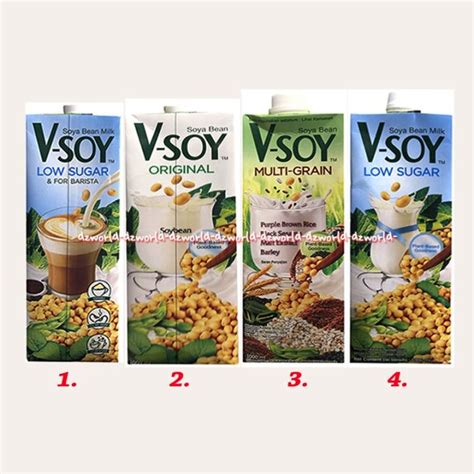 V Soy Susu Kacang Kedelai 1L Original Low Sugar Multi Grain Susu UHT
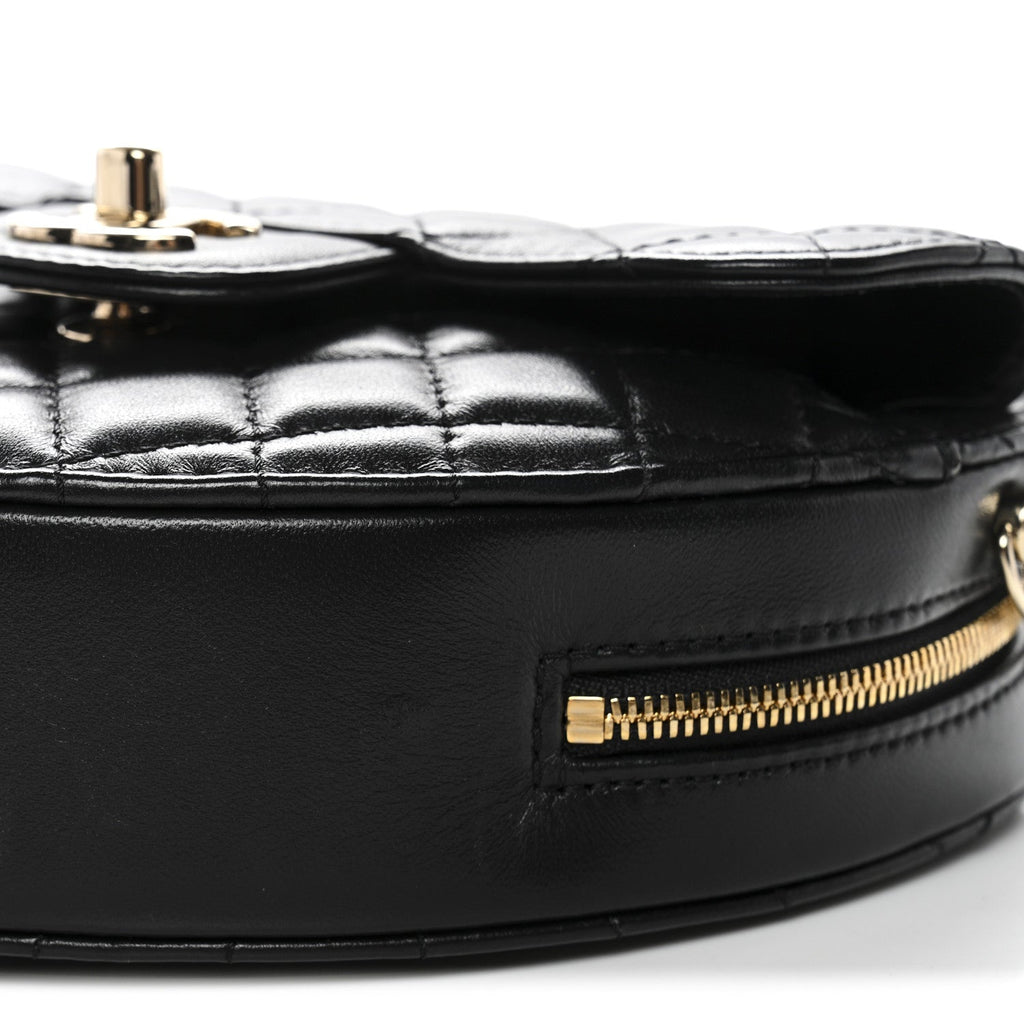 Chanel Lambskin Quilted CC In Love Heart Bag Black
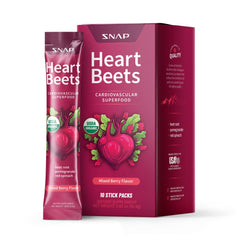 Snap Supplements frente del paquete mostrando diseño y cantidad, beneficio: portátil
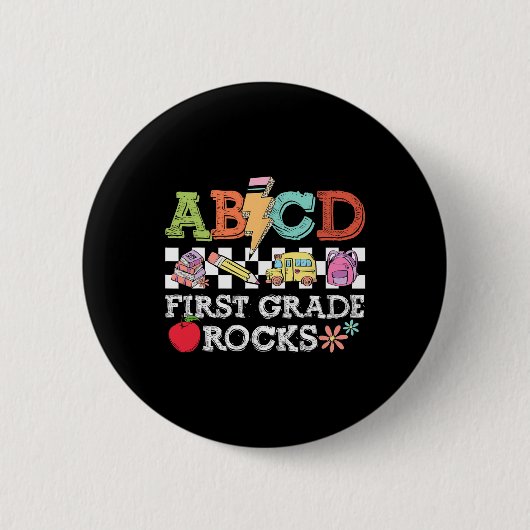 Erste Klasse Rocks Bleistift Blitze Lehrer Rock G Button (Vorderseite)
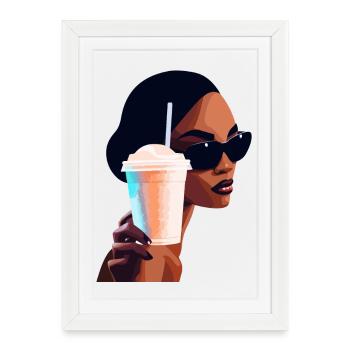 Vibrant Boisson d’été Femme Illustration - Affiche encadrée (27 × 37 cm) - blanc - Devant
########
What the task requires » Output the records above as they stand, from the first line to the line with "Snap Supplements frente", inclusive, and exclude the pictures.

Output of the task »
 V Soy Susu Kacang Kedelai 1L Original Low Sugar Multi Grain Susu UHT
 Chanel Lambskin Quilted CC In Love Heart Bag Black
 Snap Supplements frente del paquete mostrando diseño y cantidad, beneficio: portátil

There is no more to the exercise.